Listed records:
———

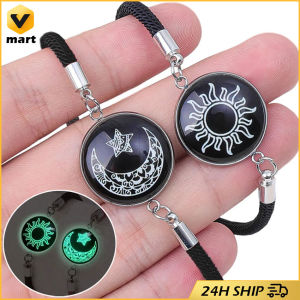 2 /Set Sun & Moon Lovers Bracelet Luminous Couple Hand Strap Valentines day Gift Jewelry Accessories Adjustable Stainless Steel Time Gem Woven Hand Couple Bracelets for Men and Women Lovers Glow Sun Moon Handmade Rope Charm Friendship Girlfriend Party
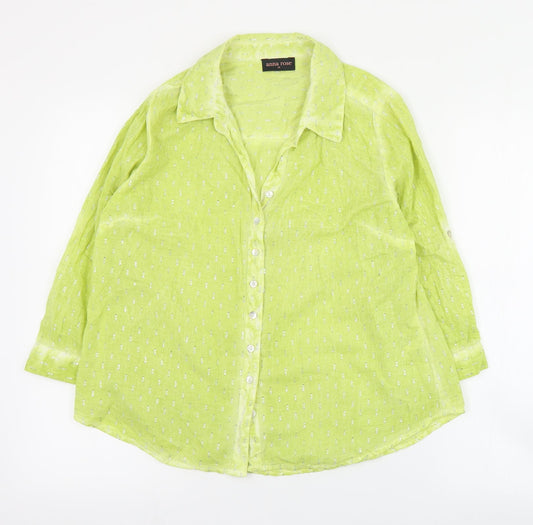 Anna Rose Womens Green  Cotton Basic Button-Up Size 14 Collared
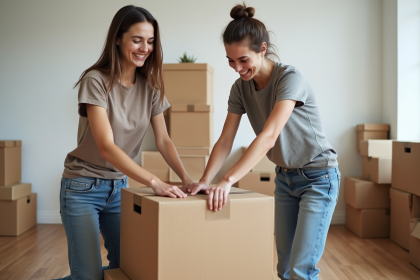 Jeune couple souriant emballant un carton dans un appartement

———

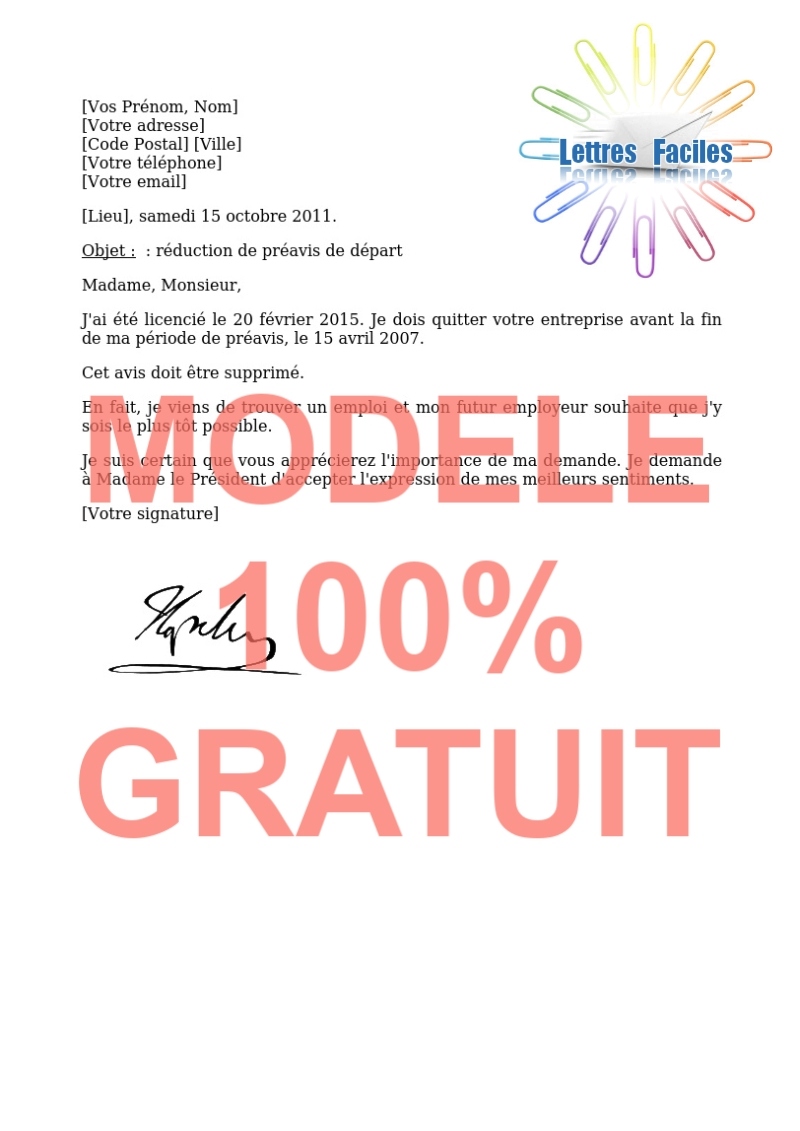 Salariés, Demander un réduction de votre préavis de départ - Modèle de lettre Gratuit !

———

Exercise aim: Within the listing above, copy exactly the lines that start at the one with "Anna Rose Womens" and continue through the one with "Jeune couple souriant". Omit pictures.

Response:
 Anna Rose Womens Green  Cotton Basic Button-Up Size 14 Collared
 Jeune couple souriant emballant un carton dans un appartement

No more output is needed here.